Casino operator SkyCity wrote off substantial software investments today, the first of what is expected to be a steady drip of similar announcements.
Sky City wrote off nearly $20 million of cloud-related software and configurations due to a global change in accounting standards announced last March.
Retrospective adjustments reduced intangible assets by $18.9 million at 1 July 2020 and $19.3 million at 30 June 2021.
However, the adjustments resulted in a net decrease in profit after income tax of just $0.6 million at 31 December 2020.
The write-offs come after the COVID-19 pandemic created unprecedented headwinds for the travel and entertainment sectors. SkyCity reported revenue from continuing operations for the first half of its 2022 financial year, a period that included the major Auckland lock-down, of $289.8 million, down 35.6 per cent from $449.9 million the year before.
The company went into the red by $33.7 million in the half year, down 143.3 per cent from a $77.9 million profit for the same period in 2020.
In its 2021 annual report SkyCity warned compliance with the accounting decision required it to change its intangible asset accounting policy and make retrospective write-offs.
At the time, SkyCity was examining all historically capitalised software configuration and customisation costs relating to software-as-a-service (SaaS) arrangements to identify the level of restatement required.
"While the financial impact of the revised accounting policy is still being quantified, it is likely to be material for financial reporting purposes," SkyCity told shareholders last year. "The change will reduce intangible assets and associated amortisation, increase operating expenses, and reclassify the relevant spend from an investing to an operating cashflow."
Known cloud applications at SkyCity include Microsoft Dynamics 365, rolled out by Intergen through a contract awarded in 2017. Other partnerships include HP, Palo Alto and Cisco.
“We have replaced or upgraded just about every single key application across the group," CIO Glen McLatchie said in a case study published last year. This included an overhaul of the supply chain and financial system with Microsoft and a redevelopment of point-of-sale systems through TASK Technologies.
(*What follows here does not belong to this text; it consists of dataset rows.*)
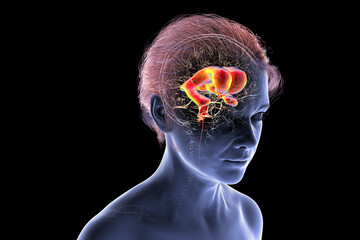 Normal pressure hydrocephalus, 3D illustration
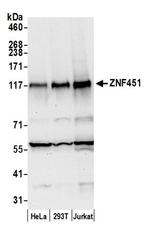 ZNF451 Antibody in Western Blot (WB)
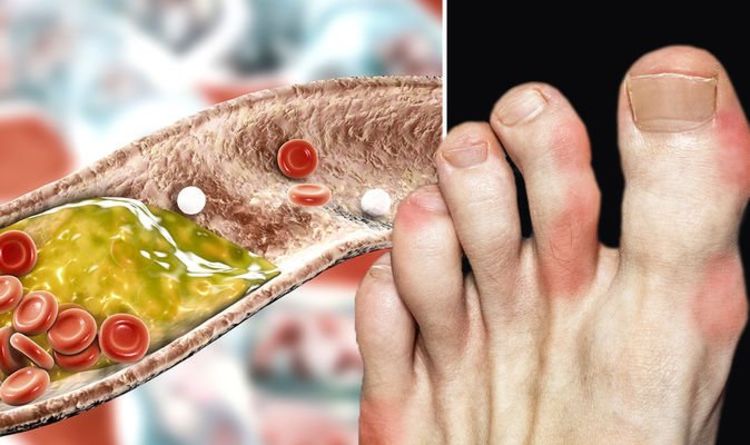 Symptômes d'hypercholestérolémie : trois signes d'avertissement visuels d'un taux élevé de cholestérol sur vos pieds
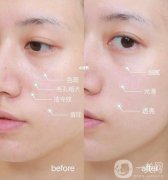 打*有沒有副作用呢，副作用是什么?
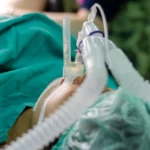 Sustaining Patient Safety: How St. Joseph’s University Medical Center Conquered Unplanned Extubation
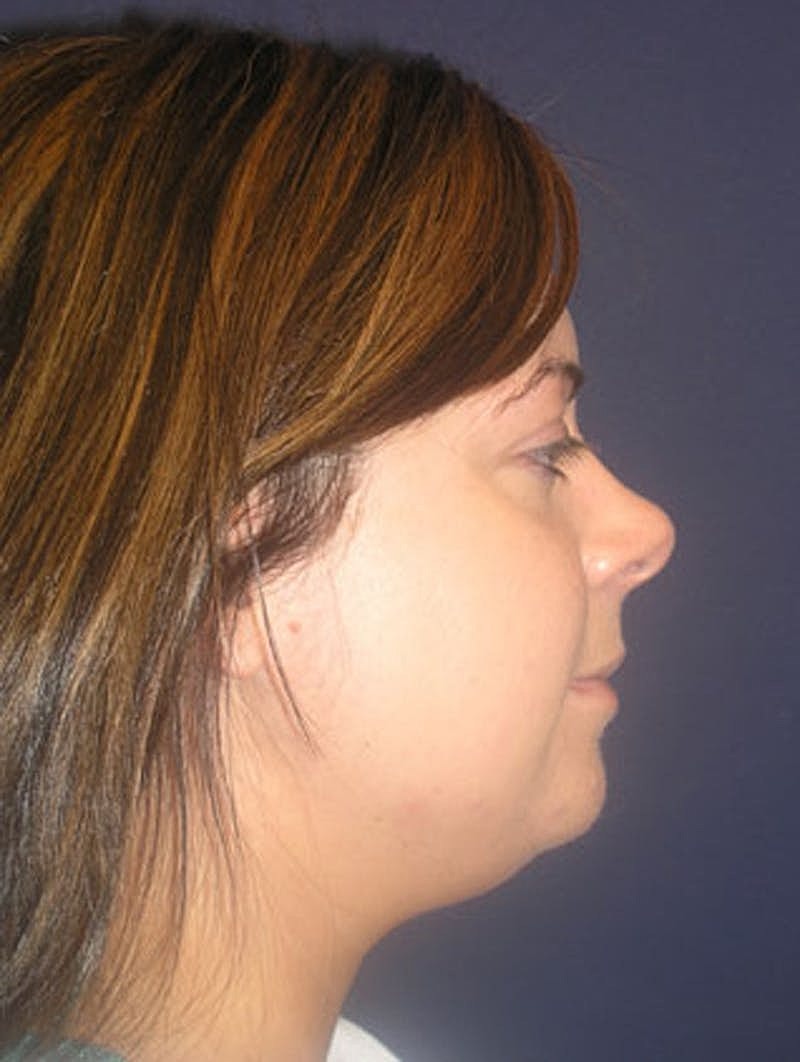 Neck Liposuction Before & After
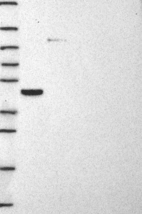 Anti-STARD3 Antibody
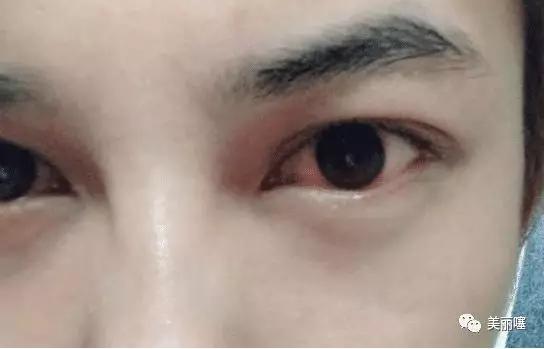 为什么说不建议女人纹“美瞳线”？美容师透露：最好看完再做决定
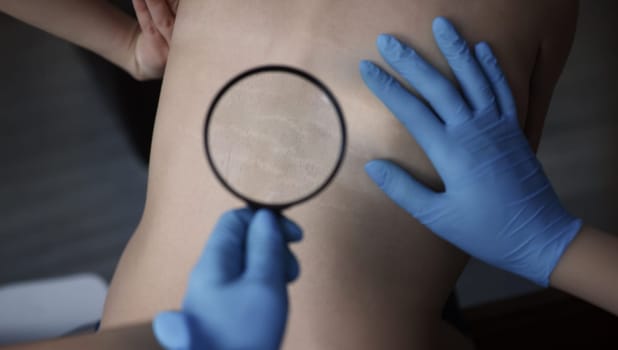 Doctor examining stretch marks on patients back using magnifying glass closeup. Hormonal disorders concept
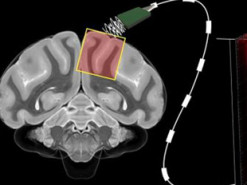 Учёные стали ближе к «чтению мыслей» без хирургического вмешательства в мозг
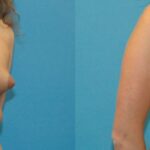 Breast Implant #30 - Before and After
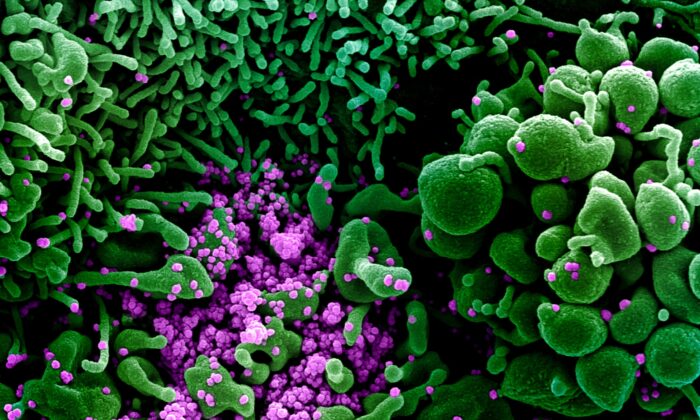 Micrografía electrónica de barrido coloreada de una célula (verde) fuertemente infectada con partículas del virus CCP (púrpura), comúnmente conocido como SARS-CoV-2 o nuevo virus del PCCh, aislado de una muestra de un paciente el 16 de marzo de 2020. (NIAID)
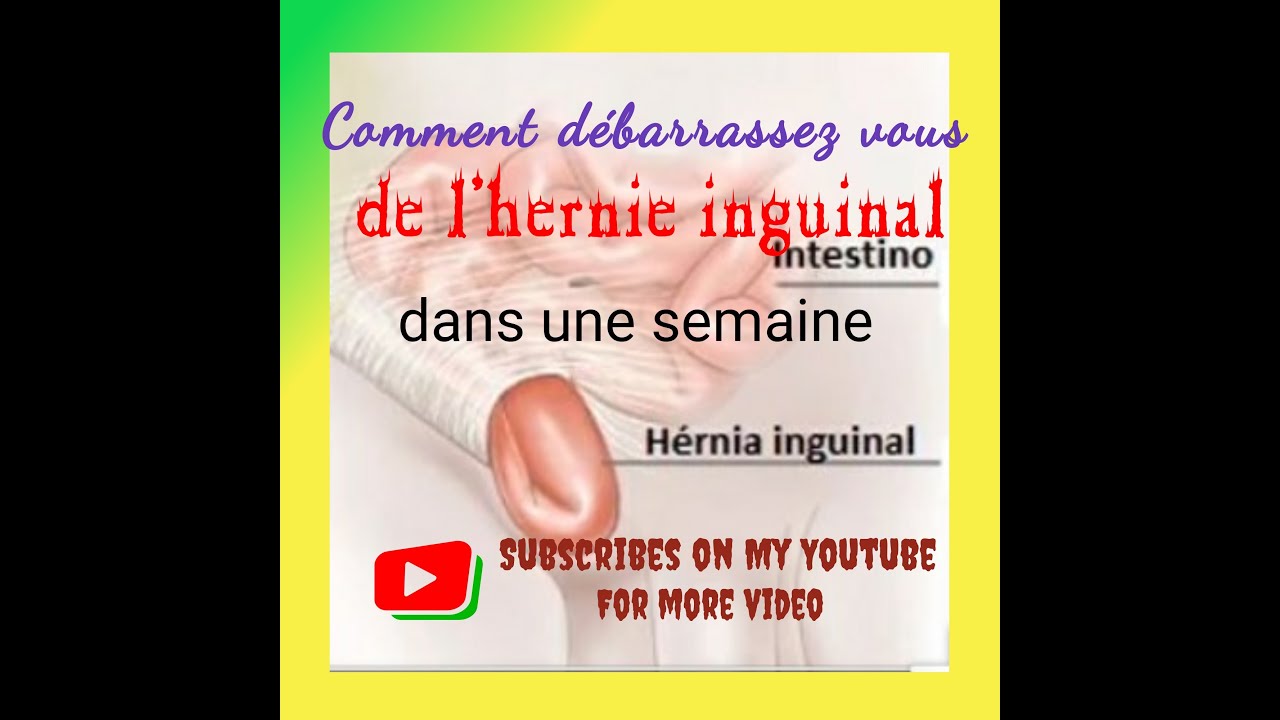 Comment Soigner Une Hernie Abdominale Sans Chirurgie Planetefemmes Magazine D Informations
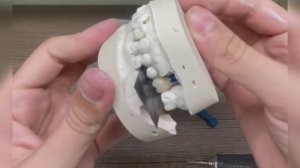 Подготовка каркаса анатомической коронки из диоксида циркония к нанесению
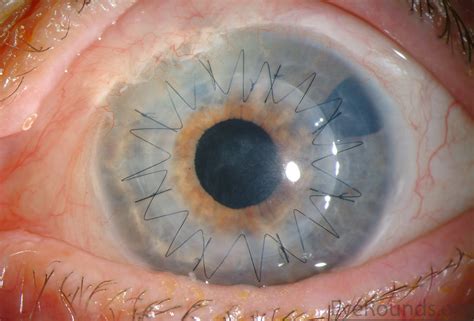 Penetrating keratoplasty (PK)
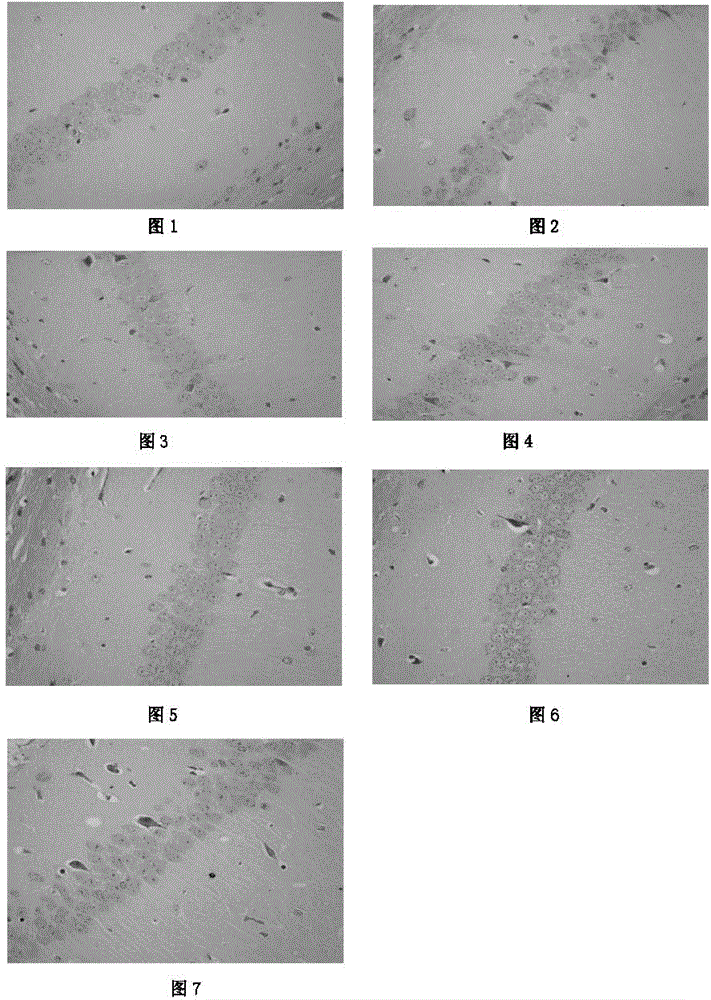 Application of acteoside to preparation of drugs for preventing nerve cell injuries caused by neurotrophic factors (NTFs) and receptors thereof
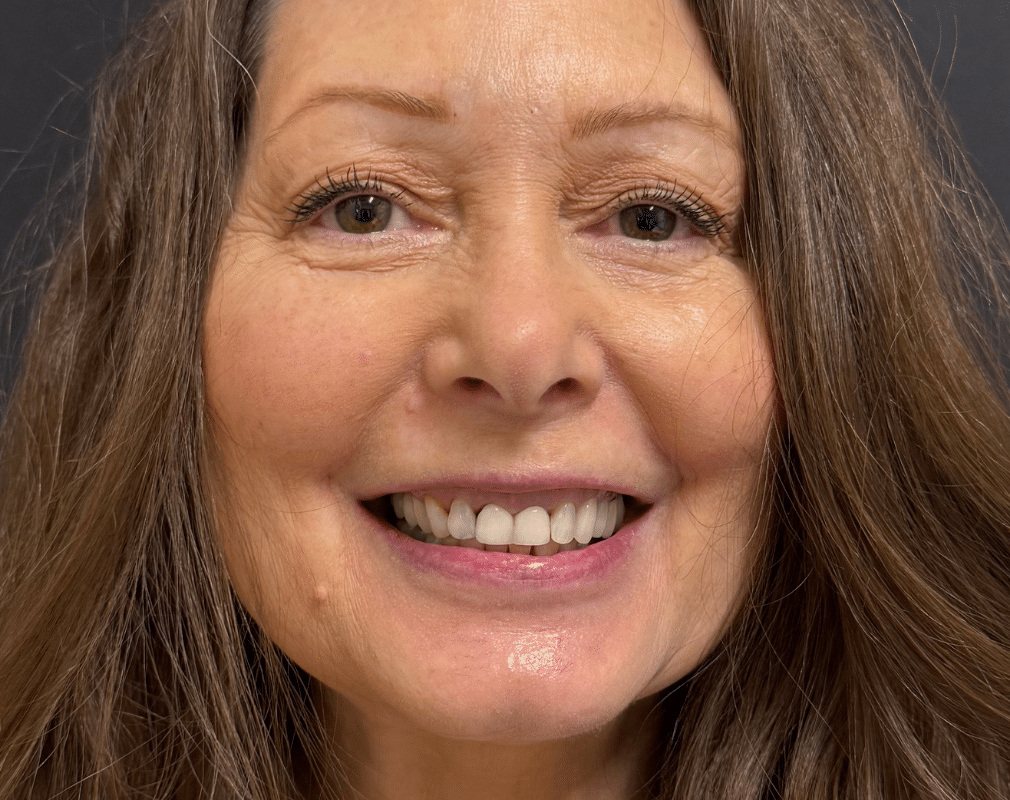 Smiling woman with long hair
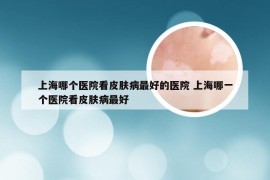 上海哪个医院看皮肤病最好的医院 上海哪一个医院看皮肤病最好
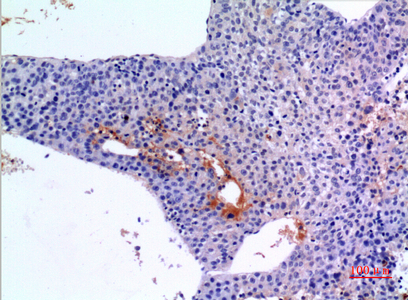 Immunohistochemical analysis of paraffin-embedded human-liver-cancer, antibody was diluted at 1:100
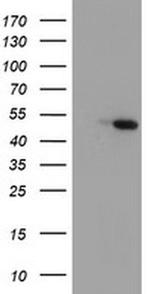 Carboxypeptidase A1 Antibody in Western Blot (WB)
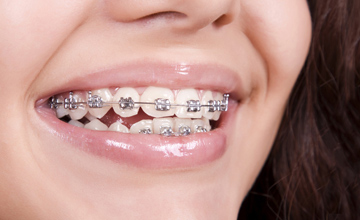 orthodontics braces-1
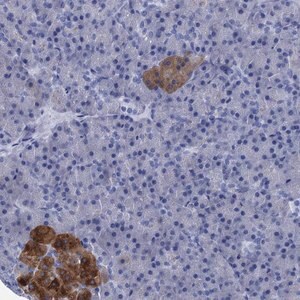 Merck Anti-FOXR2 antibody produced in rabbit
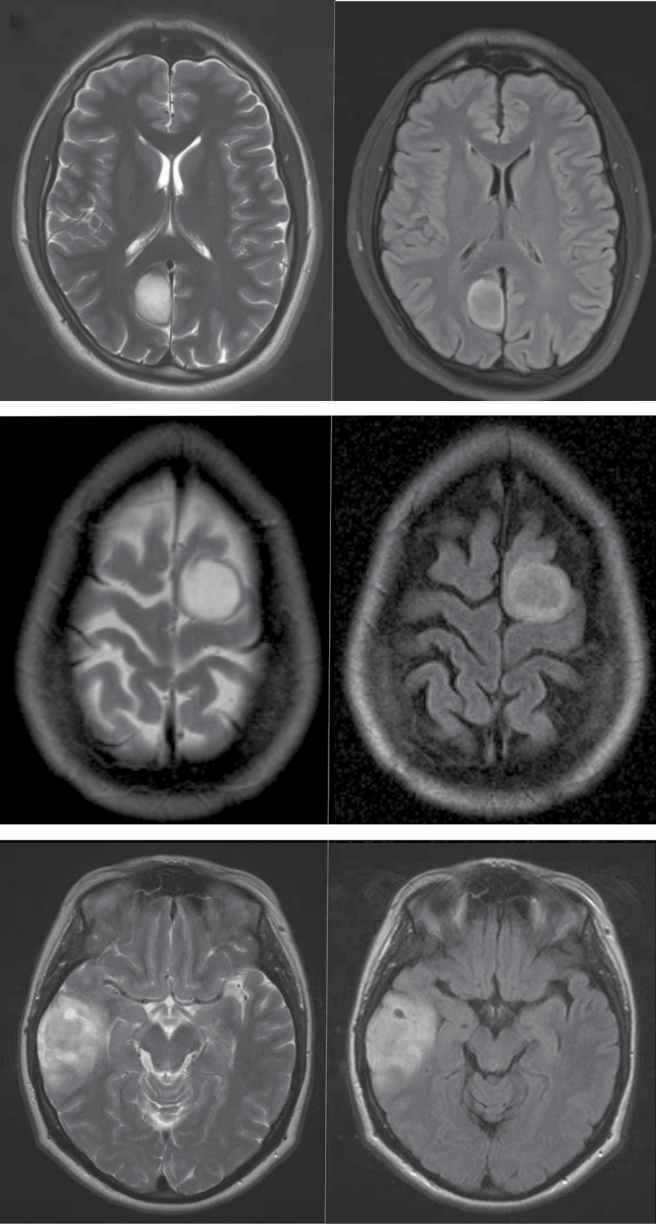 The T2-FLAIR mismatch sign as an imaging marker for non-enhancing IDH ...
Contact Energy, which also reported its half year results today, undertook a similar review of its software assets, after telling shareholders last year no material changes were expected. Today it announced a relatively small write-off.
"During the six months ended 31 December 2021, Contact concluded its review of existing software assets in light of the IFRS agenda decision ... and wrote off $1 million of software assets relating to software-as-a-service arrangements," the company reported.
Last year, an International Financial Reporting Standards committee ruled that costs incurred in configuring and customising software provided under SaaS arrangements had to be expensed unless they met restricted criteria.